Links gone wild!
Lost in the spasm of environmental consciousness that accompanied Earth Day earlier this week was the fact that for some environmentalists, the best thing that could happen is a global disaster, with the hoped-for effect being the reduction of the human population down to a few — you guessed it — green-minded souls. (Apparently, it’s a given that investment bankers and oil executives wouldn’t survive.) This essay from Slate and this one from The New York Times Book Review offer nice peeks into that odd corner of the eco-movement, and the novels that imagine life in the future. But from reading the descriptions of those post-apocalypse books, it seems that the men will be virile and manly, while the women will be like this. That’s progress?
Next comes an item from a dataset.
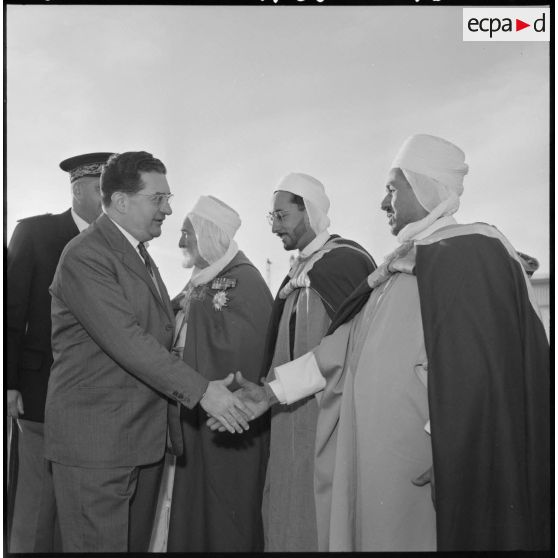 Ghardaïa. Jacques Soustelle serre la main d'une autorité locale.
I’ve long been an admirer of Christopher Hitchens, but there has always been a healthy dose of wariness beneath that admiration. Clearly, he bites; Hitchens is like a rottweiler whose affections you’d be wise to never take for granted. Or to put it another way, he’s a fellow you’d love to sit across the table from at a dinner party — but not next to, lest you become the evening’s entertainment as he decides to verbally disembowel you. This profile of Hitchens from London’s Prospect magazine confirms my belief with this sentence, a quote from the man himself: “The world I live in is one where I have five quarrels a day, each with someone who really takes me on over something; and if I can’t get into an argument, I go looking for one, to make sure I trust my own arguments, to hone them.” (Caution: It’s a very long article, so it’ll take a while to finish it.)
This video is a marvel of — what would I call it? Live-action animation? I’m sure there’s an industry term for the technique, but whatever you call it the result is a short film that is alarmingly like some of my dreams. Let the psychoanalysis begin.